Sarah Lavin. Morgan Treacy/INPHO
On track

World indoors: Lavin runs new PB to cruise into semi-finals, Irish relay team qualify for final

It was another impressive morning on the track for Ireland.

SARAH LAVIN EASED into the semi-finals of the 60 metre hurdles at the world indoor championships in Glasgow this morning, winning her heat with a new personal best of 7.90. 

She will run in the semi-finals at 7.40pm this evening, hoping to earn a place in the final later tonight. 

The top three in each of the six heats qualified automatically for the semi-finals, but Lavin blitzed her field, finishing .07 ahead of Finland’s Reeta Hurske in second. Netherlands Maayke Tjin-A-Lim came third in 8.10. 

“I don’t know if anything is ever comfortable”, Lavin told Virgin Media. “I did well.

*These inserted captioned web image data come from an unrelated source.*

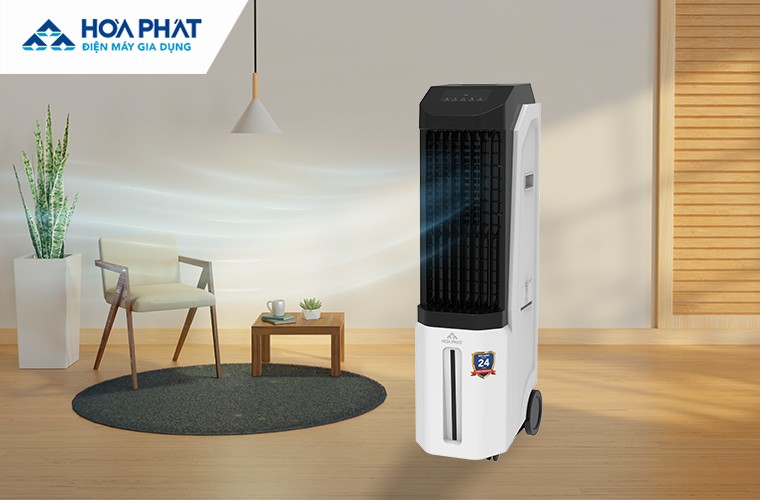 co-nen-dung-quat-dieu-hoa-trong-phong-kin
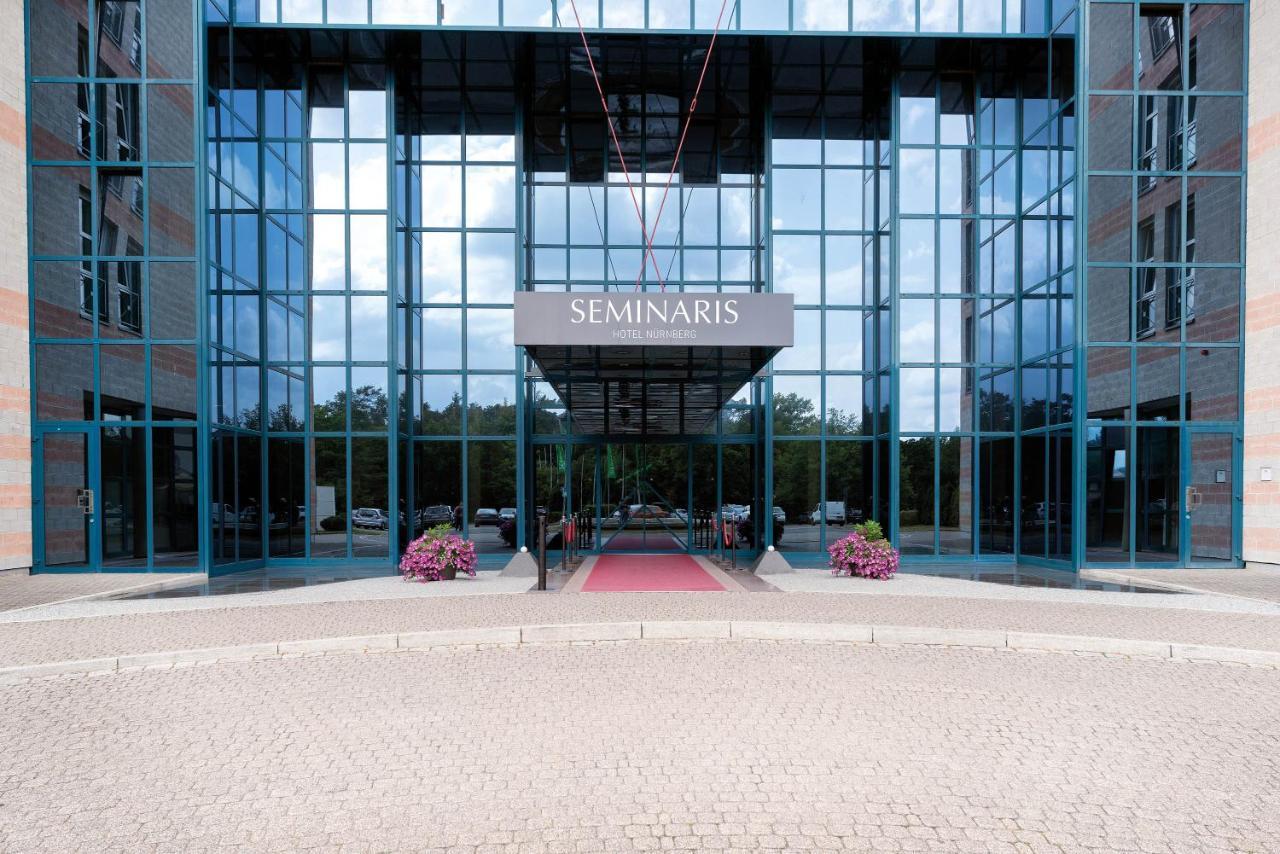 Seminaris Aparthotel 4*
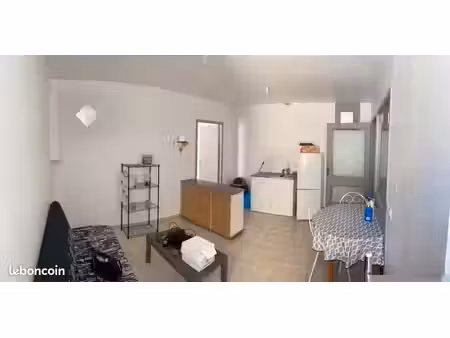 privas – disponible immédiatement appartement - 3 pièces - 45 m2 - 1ière etage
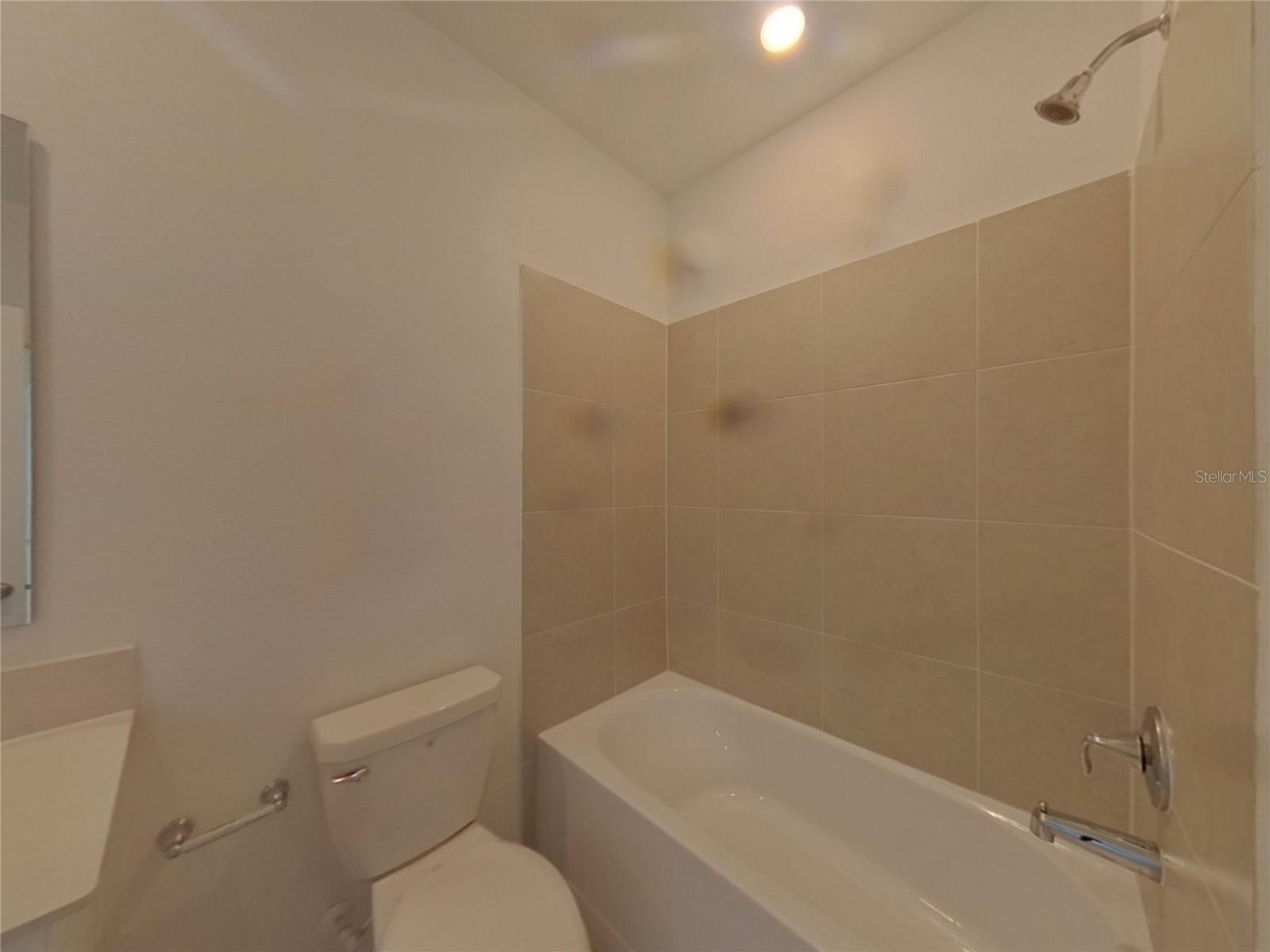 BRONSONS RDG - Residential Lease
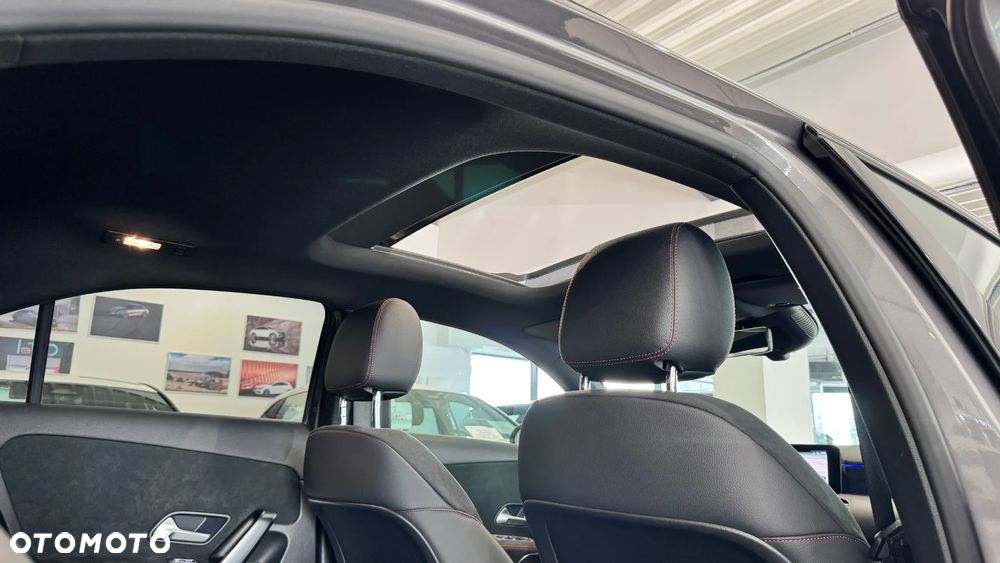 Mercedes-Benz Klasa A 250 e PHEV AMG Line 8G-DCT - 31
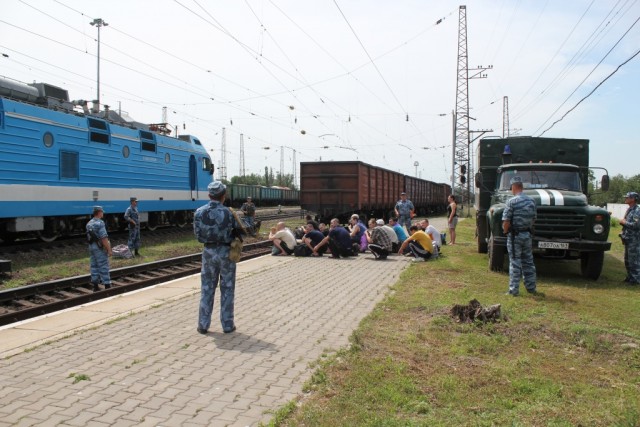 На Пугачеву обрушились с критикой за езду на автомобиле по перрону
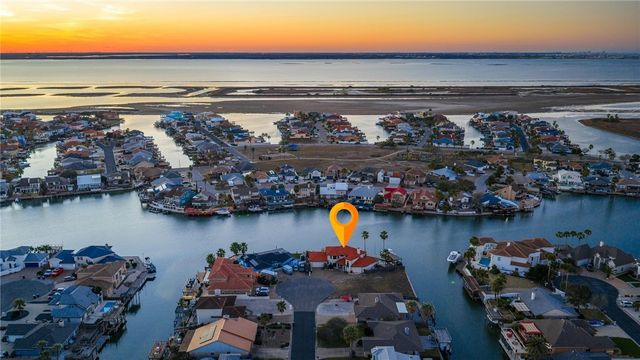 13802 Gunwale Dr, Corpus Christi, TX 78418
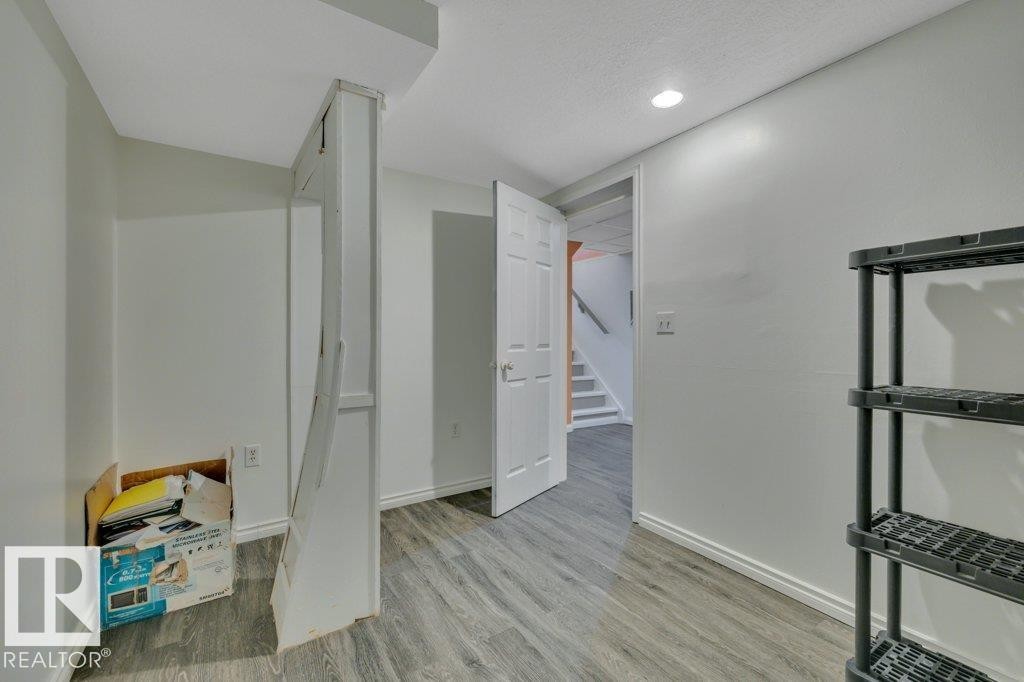 4002 42B Avenue, Leduc, AB - Indoor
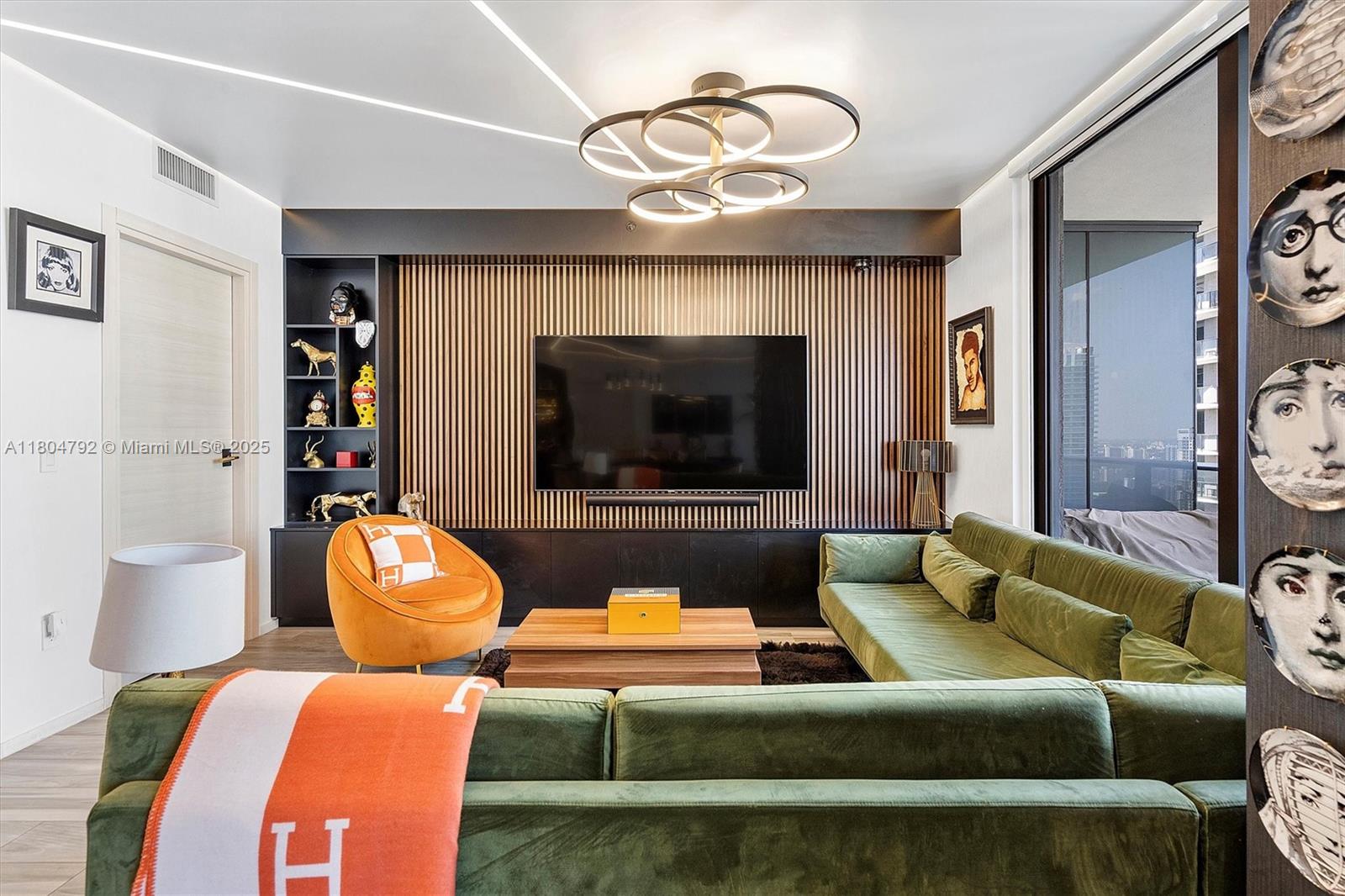 801 SMA RESIDENCES CONDO - Residential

I reacted well, that first cross over the first hurdle needs to be a bit quicker, but I ran very well between the hurdles and came through at the end.”

Lavin continues to target Derval O’Rourke’s national record of 7.84, which she ran in winning this event in 2006. 

“Better than an Irish record”, replied Lavin when asked what it would take to medal in the event tonight. “I would say, 7.82, 7.83 might do it. 

“Of course [I want the record.] Otherwise I wouldn’t be here. My God, this was her baby. That’s a high mark but I am going to give it everything I have.” 

Meanwhile, the Irish women’s 4x400m relay team qualified into another world final, earning a fastest loser’s spot by 12 hundredths of a second. 

The Irish team of Phil Healy, Sophie Becker, Roisin Harrison, and Sharlene Mawdsley ran a new national record of 3:28.45 to finish fourth in a stacked heat, which was won by a Dutch quartet anchored by Femke Bol. 

Mawdsley anchored the Irish run, earning a measure of redemption following her harsh disqualification from the individual event on Friday. Healy, meanwhile, showed a stunning return to form, leading the Irish side off and first to pass the baton, running her leg in 51.93. Mawdsley was the fastest among the final runners, clocking 50.48, which was faster than Bol. 

The top two in each heat qualified for final along with the two fastest losers across both, meaning the Irish side were left with a nervous wait for the second heat. The time was ultimately enough, finishing 0.12 quicker than the Czech team that finished third. 

Their final is at 8.30pm tonight.

“Phil stormed off and all the girls held their ground”, Mawdsley told Virgin Media after the race. “I had a bit of redemption, I can’t put into words what this means to me. I am so pleased we got a national record and a final, we couldn’t have asked for much more than that.”